По дороге в Лондон они почти не разговаривали. Розали поняла, что словами уже ничему не помочь, и думала о том, как сложилась бы ее судьба, не будь он герцогом, а она танцовщицей.
Вскоре они добрались до Пентон-стрит. Он помог ей выйти из кареты, и, когда на прощание пожал ей руку, она была абсолютно уверена, что даже теперь должна отказаться от столь соблазнительного приглашения.
Розали опустилась на колени на жесткие, деревянные половицы, держа вместе с другими нимфами в белых платьях свою часть длинной гирлянды цветов. Сегодня вечером она танцевала в кордебалете. В новой постановке о Марсе и Венере была занята только одна солистка.
Арман Вестрис и Фортуната Анджолини, любовники на сцене и в жизни, прыгали и раскачивались прямо перед ней. Миниатюрная фигурка прима-балерины повторяла движения своего сильного и умелого партнера, а ее хорошенькое личико красноречиво доказывало, как она наслаждается этой близостью.
Легкая и радостная музыка противоречила подавленному настроению Розали. Со сцены ей была прекрасно видна королевская ложа и сидящие в ней зрители. Принц-регент занял место посередине, рядом со своей новой любовницей, леди Хертфорд, и братом, герцогом Йоркским. За ними сидели два человека, незнакомых девушке, и еще один, которого она знала слишком хорошо, чтобы не тревожиться. Несомненно, присутствие в ложе герцога Солуэя лишний раз подтвердит слухи, что принц-регент уже выбрал мужа для принцессы Шарлотты.
Даже преданность любимому искусству не могла помочь Розали забыть знатного дворянина, которого она продолжала любить. Очевидно, она навеки потеряла его. Она напрягла все силы, стараясь выглядеть беззаботной и улыбаться, когда ее хорошо натренированное тело онемело и налилось свинцовой тяжестью от отчаяния и душевной боли.
13
Стой рядом, я молю, не уходи.
Постой и не скрывайся, погоди.
Уильям Вордсворт
Розали стояла в кулисах и наслаждалась величественным зрелищем страданий покинутой и рыдающей Фьордиджили. Как жаль, что знатная публика не любит бывать на бенефисах, думала она, ведь эта новая постановка «Cosi Fan Tutti»[55] – одна из лучших в сезоне.
Когда Тереза Бертинотти-Радикати исполняла трагедийные роли, критики отзывались о ней насмешливо и неодобрительно и непременно сравнивали с мадам Каталани, но, по мнению Розали, ее последнее выступление должно было прийтись им по вкусу. Голос певицы вполне подходил для комической оперы Моцарта, но даже в ней она отказалась от двух бравурных арий, сочтя их слишком трудными.
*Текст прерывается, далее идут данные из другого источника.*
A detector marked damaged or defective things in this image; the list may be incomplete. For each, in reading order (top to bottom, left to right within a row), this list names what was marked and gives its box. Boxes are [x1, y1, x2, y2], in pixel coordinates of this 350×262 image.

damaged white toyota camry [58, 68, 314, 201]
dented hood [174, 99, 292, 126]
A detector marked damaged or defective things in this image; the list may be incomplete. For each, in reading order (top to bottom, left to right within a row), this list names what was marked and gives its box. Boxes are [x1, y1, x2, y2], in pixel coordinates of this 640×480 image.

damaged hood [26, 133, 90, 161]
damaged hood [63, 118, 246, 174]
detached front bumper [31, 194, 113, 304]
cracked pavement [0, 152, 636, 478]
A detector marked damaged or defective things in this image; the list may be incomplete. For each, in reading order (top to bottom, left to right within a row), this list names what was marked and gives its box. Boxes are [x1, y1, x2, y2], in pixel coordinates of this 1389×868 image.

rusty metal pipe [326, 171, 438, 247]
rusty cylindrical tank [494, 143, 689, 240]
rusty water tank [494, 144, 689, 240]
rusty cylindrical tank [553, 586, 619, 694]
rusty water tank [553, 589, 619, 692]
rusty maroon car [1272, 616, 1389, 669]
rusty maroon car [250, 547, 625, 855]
Синьор Нальди выступил в buffo роли дона Альфонсо с присущим ему мастерством. Девушка восхищалась его вокальными способностями, и успех певца ее от души порадовал. Все знали, что он терпеть не мог Францию и французов, однако прекрасно относился к Розали, а его жена, бывшая балерина, была хорошо знакома с Дельфиной де Барант. Известный тенор Трамеццани с его мужественным обликом и благородными манерами казался просто созданным для романтической роли Гульельмо, а синьор Кавини спел страстные арии Феррандо так, что многие чуть не плакали. Его темпераментная и легкомысленная жена отлично справилась с партией разбитной служанки Деспины, а меццо-сопрано мадам Коллини украсила этот ансамбль исполнением Дорабеллы.
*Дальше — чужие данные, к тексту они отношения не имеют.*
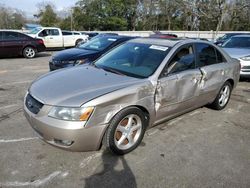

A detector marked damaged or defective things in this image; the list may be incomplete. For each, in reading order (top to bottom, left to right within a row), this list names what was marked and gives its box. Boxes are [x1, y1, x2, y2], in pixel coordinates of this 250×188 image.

damaged silver car [23, 38, 240, 154] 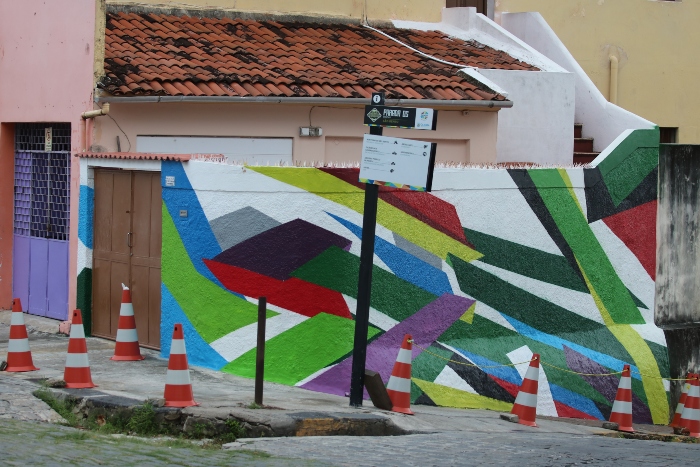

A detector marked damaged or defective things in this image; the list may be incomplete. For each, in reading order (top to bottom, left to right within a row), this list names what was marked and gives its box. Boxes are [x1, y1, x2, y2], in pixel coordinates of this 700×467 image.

damaged roof [100, 11, 536, 100] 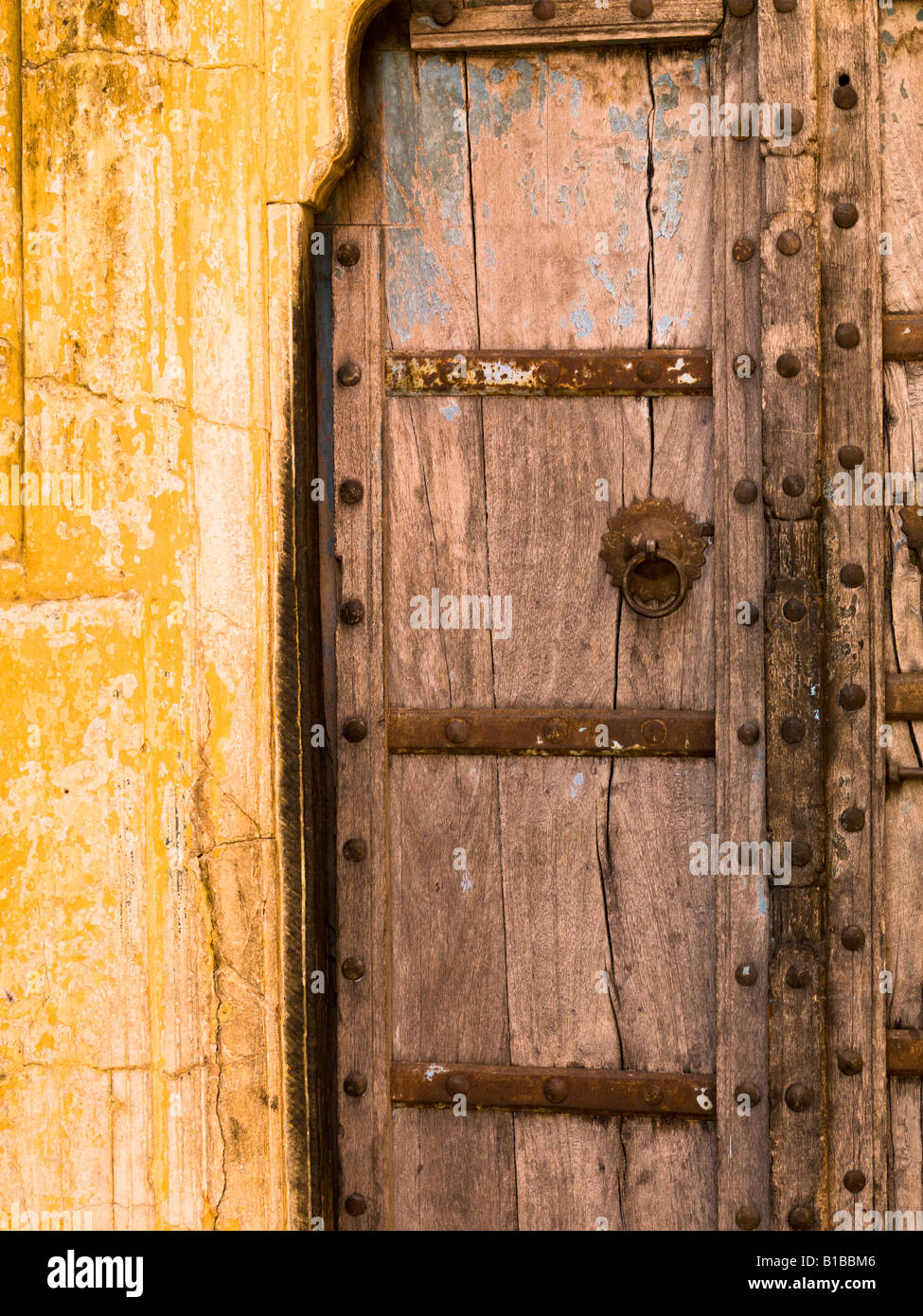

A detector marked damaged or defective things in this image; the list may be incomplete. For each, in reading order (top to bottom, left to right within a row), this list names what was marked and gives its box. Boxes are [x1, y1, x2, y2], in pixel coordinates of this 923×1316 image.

rusted metal fitting [602, 504, 704, 621]
rusty iron band [388, 704, 716, 757]
rusty iron band [394, 1068, 719, 1113]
Веселая и остроумная опера заразительно подействовала на всех исполнителей и не оставила равнодушными находившихся за сценой. Даже танцоры в тот вечер обошлись без колких замечаний и перестали ревновать к чужому успеху. Они оживленно переговаривались в артистической уборной. Розали тоже воспряла духом и беззаботно смеялась, слушая шутки и анекдоты.
Труппа театра была небольшой и танцоров заняли в массовых сценах. В первом действии Розали участвовала в одном эпизоде в роли крестьянки, а теперь готовилась к новому выходу ей предстояло станцевать служанку в финале спектакля.
Бледно-зеленое платье с изумрудными кантами было сшито мадам Феррье прошлой осенью, незадолго до несчастного случая с Розали. Фартук преобразил его в костюм служанки, а рубашку заменил кремовый газовый платок. Для танцев в дивертисменте по завершении действия ей нужно было только снять фартук и косынку с головы.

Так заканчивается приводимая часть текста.